FlashKernel — Custom CUDA Kernels for Transformer Inference

CUDA kernel engineering is the scarcest skill in ML infrastructure. This project implements the core kernels of transformer inference from scratch — tiled attention with online softmax, fused activations, rotary embeddings, and paged KV-cache — in both CUDA C++ and Triton. Every kernel is profiled with NVIDIA Nsight Compute and benchmarked against PyTorch eager, torch.compile, and cuBLAS baselines on a T4 GPU.

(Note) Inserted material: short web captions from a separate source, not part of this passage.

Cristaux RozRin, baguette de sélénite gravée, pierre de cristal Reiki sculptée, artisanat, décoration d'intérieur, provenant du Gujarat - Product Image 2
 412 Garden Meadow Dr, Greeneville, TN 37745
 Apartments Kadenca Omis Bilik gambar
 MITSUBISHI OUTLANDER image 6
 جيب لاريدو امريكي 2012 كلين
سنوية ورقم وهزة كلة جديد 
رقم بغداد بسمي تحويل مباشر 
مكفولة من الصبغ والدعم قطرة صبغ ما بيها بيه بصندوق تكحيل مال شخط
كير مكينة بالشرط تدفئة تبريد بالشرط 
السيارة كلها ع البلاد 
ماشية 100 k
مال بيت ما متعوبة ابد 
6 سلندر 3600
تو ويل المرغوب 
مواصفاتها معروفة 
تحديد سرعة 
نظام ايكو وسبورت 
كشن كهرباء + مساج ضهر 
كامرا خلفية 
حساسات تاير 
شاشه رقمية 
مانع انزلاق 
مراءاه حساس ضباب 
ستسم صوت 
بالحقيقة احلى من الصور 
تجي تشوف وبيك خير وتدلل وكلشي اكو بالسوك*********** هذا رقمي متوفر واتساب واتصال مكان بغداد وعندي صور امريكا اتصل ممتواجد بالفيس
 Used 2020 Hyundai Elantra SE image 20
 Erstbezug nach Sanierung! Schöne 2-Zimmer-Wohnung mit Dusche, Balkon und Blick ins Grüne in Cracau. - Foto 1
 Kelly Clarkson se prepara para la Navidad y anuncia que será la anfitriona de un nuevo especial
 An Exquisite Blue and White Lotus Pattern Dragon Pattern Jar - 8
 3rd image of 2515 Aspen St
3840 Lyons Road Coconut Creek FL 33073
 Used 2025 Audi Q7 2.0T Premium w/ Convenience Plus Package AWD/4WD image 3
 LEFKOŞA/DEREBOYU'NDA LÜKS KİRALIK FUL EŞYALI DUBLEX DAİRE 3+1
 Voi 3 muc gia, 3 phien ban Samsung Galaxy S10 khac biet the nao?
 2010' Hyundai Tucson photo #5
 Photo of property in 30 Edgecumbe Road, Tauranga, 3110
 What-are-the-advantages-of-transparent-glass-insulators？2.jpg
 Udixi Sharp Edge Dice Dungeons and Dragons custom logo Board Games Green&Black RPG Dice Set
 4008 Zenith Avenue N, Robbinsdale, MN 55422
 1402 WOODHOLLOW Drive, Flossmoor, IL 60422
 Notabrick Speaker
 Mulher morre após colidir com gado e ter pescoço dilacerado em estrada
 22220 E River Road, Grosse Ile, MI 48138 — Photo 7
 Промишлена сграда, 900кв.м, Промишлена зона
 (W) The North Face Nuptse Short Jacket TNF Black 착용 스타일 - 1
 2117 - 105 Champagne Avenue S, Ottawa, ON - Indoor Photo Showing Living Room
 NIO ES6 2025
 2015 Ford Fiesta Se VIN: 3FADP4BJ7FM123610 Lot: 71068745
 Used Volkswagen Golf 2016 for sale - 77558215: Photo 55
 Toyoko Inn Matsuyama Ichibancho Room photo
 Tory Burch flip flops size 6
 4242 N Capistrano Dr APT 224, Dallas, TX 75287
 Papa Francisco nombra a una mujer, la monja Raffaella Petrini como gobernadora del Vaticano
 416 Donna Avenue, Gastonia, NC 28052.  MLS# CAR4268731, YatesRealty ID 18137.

CUDA C++ Triton Nsight Compute PyTorch C++ Extensions CMake Docker

Kernel inventory

Kernel	CUDA C++	Triton	Key technique
Tiled FlashAttention	✓	✓	Online softmax, shared memory tiling
Fused GeLU + Linear	✓	✓	Eliminates HBM round-trip
RoPE Embedding	✓	✓	Precomputed sin/cos, fused with attention
Paged KV-Cache	✓	✓	Block-level virtual memory, page table
Parallel Reduction	✓	✓	Warp-level shuffle + shared memory tree

Technical approach

Memory hierarchy mastery: Shared memory tiling sized for T4's 48 KB L1, bank conflict avoidance, register pressure tuning for SM 7.5.
Warp-level programming: __shfl_down_sync reductions, cooperative groups for cross-warp synchronization.
Kernel fusion: GeLU activation computed in-register between matmul and HBM write — eliminates one full memory round-trip.
Profiling-driven: Every optimization guided by Nsight Compute metrics — occupancy, memory throughput, warp stall analysis, roofline position.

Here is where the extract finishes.